Clinical utility of neurofilament light chain as a biomarker for disease onset and progression in hereditary transthyretin amyloidosis

Álvaro Gragera Martinez^1*Cristina Borrachero Garro²Francisco Muñoz Beamud²Ana Manovel Sánchez²Andrés González Macías²Mariano Pizarro Sánchez²Amelia Jiménez Heffernan²Ana Serrano Mira²Beatriz Macías Dominguez²Sandra Garcia Garrido²

• ¹Hospital Juan Ramón Jiménez, Huelva, Spain
• ²Hospital Universitario Juan Ramon Jimenez, Huelva, Spain

Background: Neurofilament light chain levels (NfL) have emerged as a biomarker for early diagnosis and follow-up of hereditary transthyretin variant amyloidosis (ATTRv).

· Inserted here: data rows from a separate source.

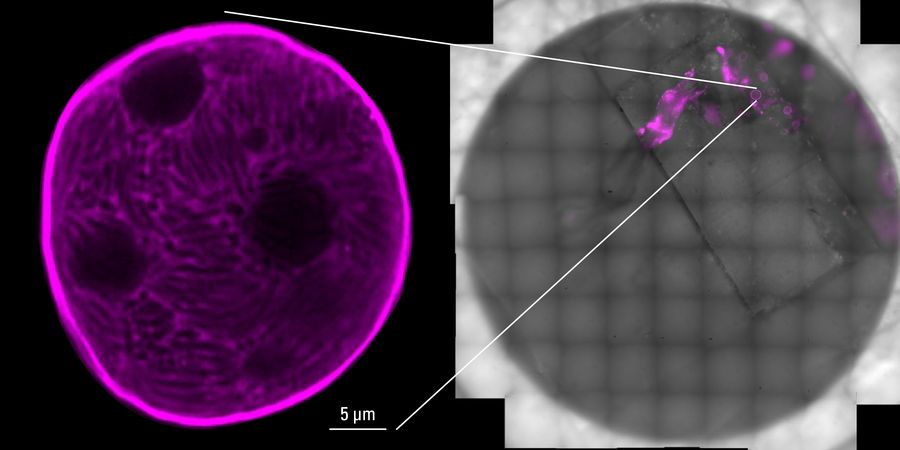 Cryo-confocal fluorescence imaging of the cryo-planed sample reveals spherical oocysts within mosquito midgut tissue. These structures contain developing malaria parasites and define regions of interest for targeted lamella preparation in the correlative cryo-electron tomography workflow. Sample courtesy: Nedal Darif, Postdoctoral Fellow, EMBL Heidelberg, Germany; Image acquisition: Martin Fritsch, ALMF, EMBL Heidelberg, Germany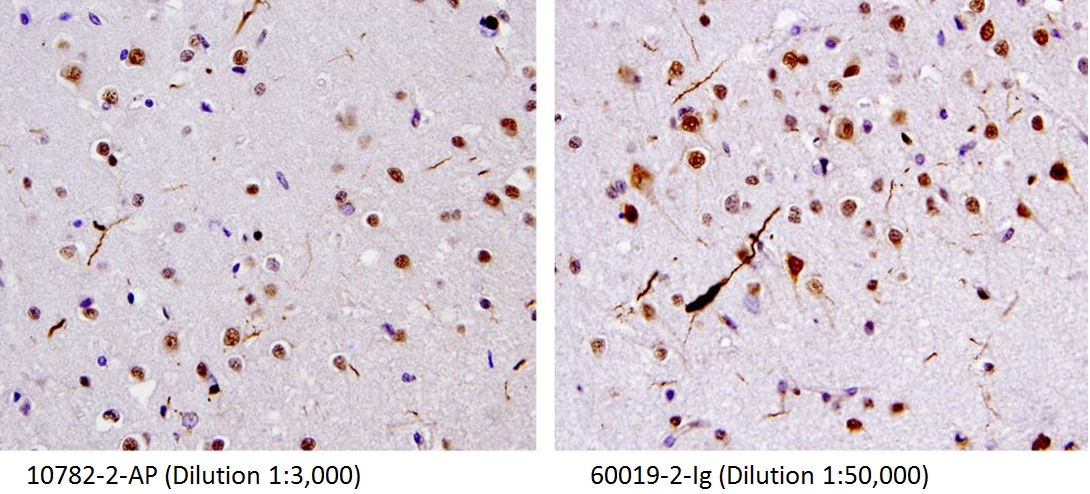 IHC staining of human brain (FTLD-U) tissue using 10782-2-AP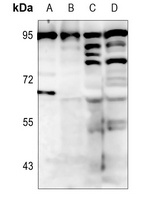 BCL6 Antibody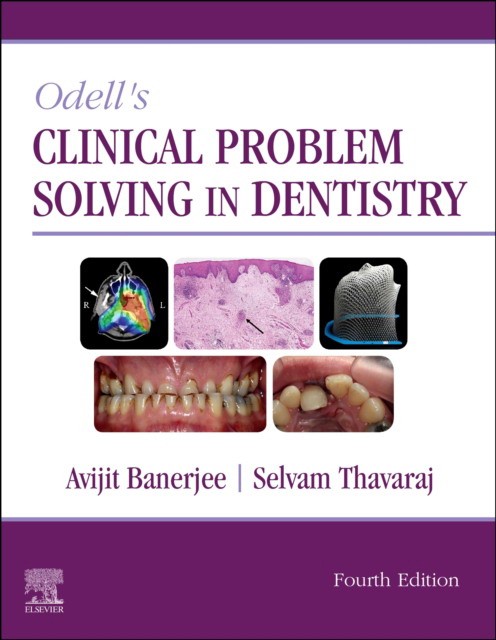 Clinical Problem Solving In Dentistry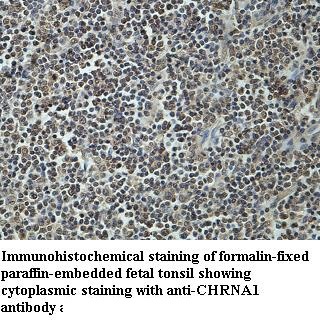 CHRNA1 antibody (pAb) CHRNA1 antibody (pAb)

We evaluated the most accurate technique for NfL quantifying in ATTRv healthy carriers and symptomatic patients in real-life practice, and assessed whether NfL may represent a reliable biomarker of disease onset and progression. Methods: Serum NfL were measured using ELISA and the single-molecule array (SIMoA) technique. Disease severity was assessed with a polyneuropathy disability score (PND). Results: Seventy-five subjects with pathogenic transthyretin variant (40 ATTRv healthy carriers and 35 ATTRv patients) were enrolled. We observed a significant correlation between ELISA and SIMoA assay (Pearson’s R2-value=0.9899). Compared to healthy carriers, patients with symptomatic ATTRv had statistically higher serum NfL levels (p<0.001). We propose a NfL cut-off of 7.9 pg/ml to distinguish between healthy carriers and ATTRv patients with high diagnostic accuracy (AUC=0.847; p<0.001; sensitivity=90.0%; specificity=55.0%), whereas the NfL threshold of 18.4 pg/ml discriminated the transition from patients with PND I to PND ≥II (AUC=0.695; p<0.001; sensitivity=67.0%, specificity=86%). Conclusions: Serum NfL can be accurately quantified using both ELISA and SIMoA array, and it seems to be a reliable biomarker to detect the transition from presymptomatic to symptomatic disease onset and to monitor disease progression.